Larsen v. Soto, 2013 WL 5066813 (9th Cir. 2013):

Holding: Petitioner’s petition showed “actual innocence” enough to overcome procedural bar, where it alleged that 5 different witnesses saw a different person throw a knife (in possession of deadly weapon case) thus undercutting the reliability of proof of guilt, even though this did not affirmatively prove innocence.
Sossa v. Diaz, 93 Crim. L. Rep. 746, 2013 WL 4792941 (9th Cir. 9/10/13):

Holding: Petitioner was entitled to equitable tolling of habeas deadline for filing pro se petition, where habeas court affirmatively misled petitioner by granting him extensions of time to file his petition, and petitioner relied on those extensions.
Dow v. Virga, 2013 WL 4750062 (9th Cir. 2013):

Holding: State court unreasonably applied federal law in applying test of whether it was reasonably probable that a result more favorable to the defense would have occurred absent prosecutor’s knowing presentation of false evidence; rather than correct test of whether there is any reasonable likelihood that the false evidence could have affected the judgment of the jury.
Dubrin v. California, 93 Crim. L. Rep. 448, 2013 WL 3215521 (9th Cir. 6/20/13):

Holding: Even though federal courts are generally barred from hearing challenges to expired prior convictions, when a defendant cannot be faulted for failing to obtain timely review of a constitutional challenge to an expired prior conviction, and that conviction is used to enhance his sentence for a later offense, he may challenge the enhanced sentence under 28 USC 2254 on the ground that the prior conviction was unconstitutionally obtained.
Jamerson v.
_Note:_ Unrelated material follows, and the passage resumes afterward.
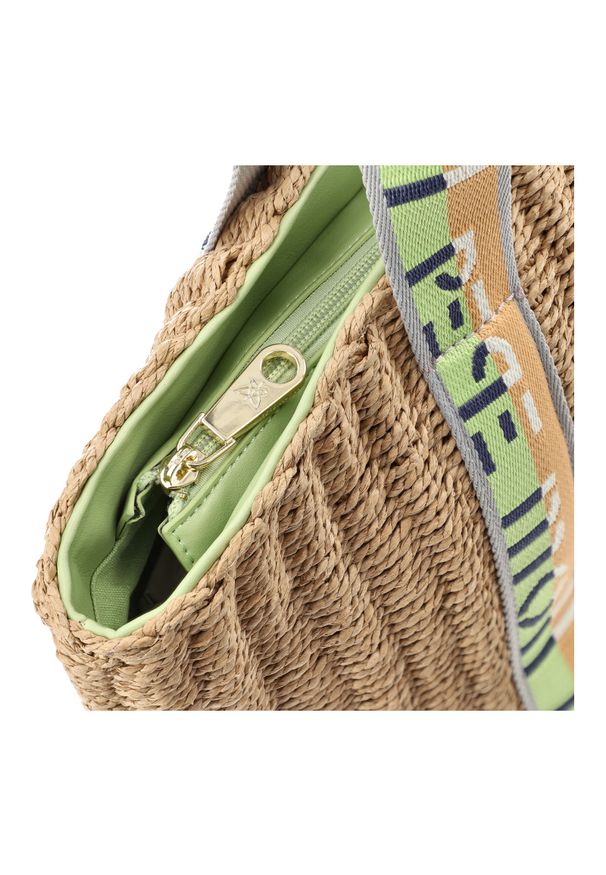 Brązowa Damska Torebka W Stylu Boho Pepe Moll. Kolor: brązowy. Wzór: aplikacja. Sezon: lato. Styl: boho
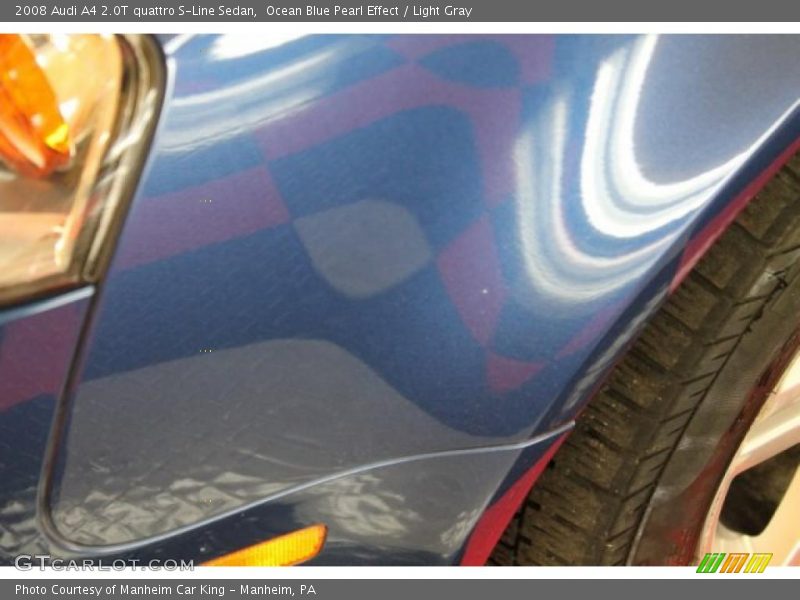 Ocean Blue Pearl Effect / Light Gray 2008 Audi A4 2.0T quattro S-Line Sedan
Runnels, 93 Crim. L. Rep. 179 (9th Cir. 4/24/13):

Holding: Even though federal habeas courts generally cannot hear evidence that wasn’t presented in state court, this did not prohibit federal court in reviewing Batson claim from considering evidence of veniremembers’ races that was not part of the state court record.
Mike v. Ryan, 92 Crim. L. Rep. 750 (9th Cir. 3/14/13):

Holding: State court unreasonably applied federal law and unreasonably determined the facts in light of the evidence presented in the state court proceedings where State failed to disclose impeachment evidence concerning a key Officer-witness.
Henderson v. Johnson, 710 F.3d 872 (9th Cir. 2013):

Holding: Court improperly dismissed mixed habeas petition without giving petitioner an opportunity to amend it to delete unexhausted claims.
Cannedy v. Adams, 92 Crim. L. Rep. 537 (9th Cir. 2/7/13):

Holding: Harrington v. Richter (U.S. 2011) does not require federal courts faced with a state appellate court’s summary denial of a constitutional claim to consider all possible reasonable bases for the decision when there is a lower state court that addressed specific arguments.
Cudjo v. Ayers, 2012 WL 4490751 (9th Cir. 2012):

Holding: State court ruling that exclusion of trustworthy exculpatory evidence from Defendant’s trial did not violate any clearly established federal law was contrary to U.S. Supreme Court precedent regarding due process and Defendant’s 6th Amendment right to present a defense.
Dickens v. Ryan, 2012 WL 3140348 (9th Cir. 2012):

Holding: Where state postconviction counsel failed to raise a claim of ineffective trial counsel, remand of the federal habeas case was required to determine if petitioner’s defaulted habeas claim can be raised under Martinez v. Ryan.
Mackey v. Hoffman, 2012 WL 2369301 (9th Cir. 2012):

Holding: Where an attorney’s abandonment causes a notice of appeal not to be filed, district court may grant relief under the “catch-all” clause of the Federal Rules of Civil Procedure.
Noble v. Adams, 2012 WL 1353564 (9th Cir. 2012):

Holding: A state prisoner’s four and a half month delay in filing his state habeas petition in an appellate court after its denial by a lower court may have been reasonable if his explanation for the delay was adequate such that his first petition remained “pending” for the purpose of tolling.
Wentzell v. Neven, 2012 WL 1071638 (9th Cir. 2012):

Holding: A state prisoner’s habeas petition was not second or successive due to an intervening amended judgment of conviction.
U.S. v. Gonzalez, 2012 WL 206266 (9th Cir. 2012):

Holding: Defendants’ filing of motion to vacate does not unilaterally waive joint defense privilege.
Johnson v. Finn, 2011 WL 6091310 (9th Cir. 2011):

Holding: District court deprived habeas petitioners of due process by failing to conduct evidentiary hearing on Batson issue following a magistrate judge’s proposed finding regarding prosecutor’s lack of credibility.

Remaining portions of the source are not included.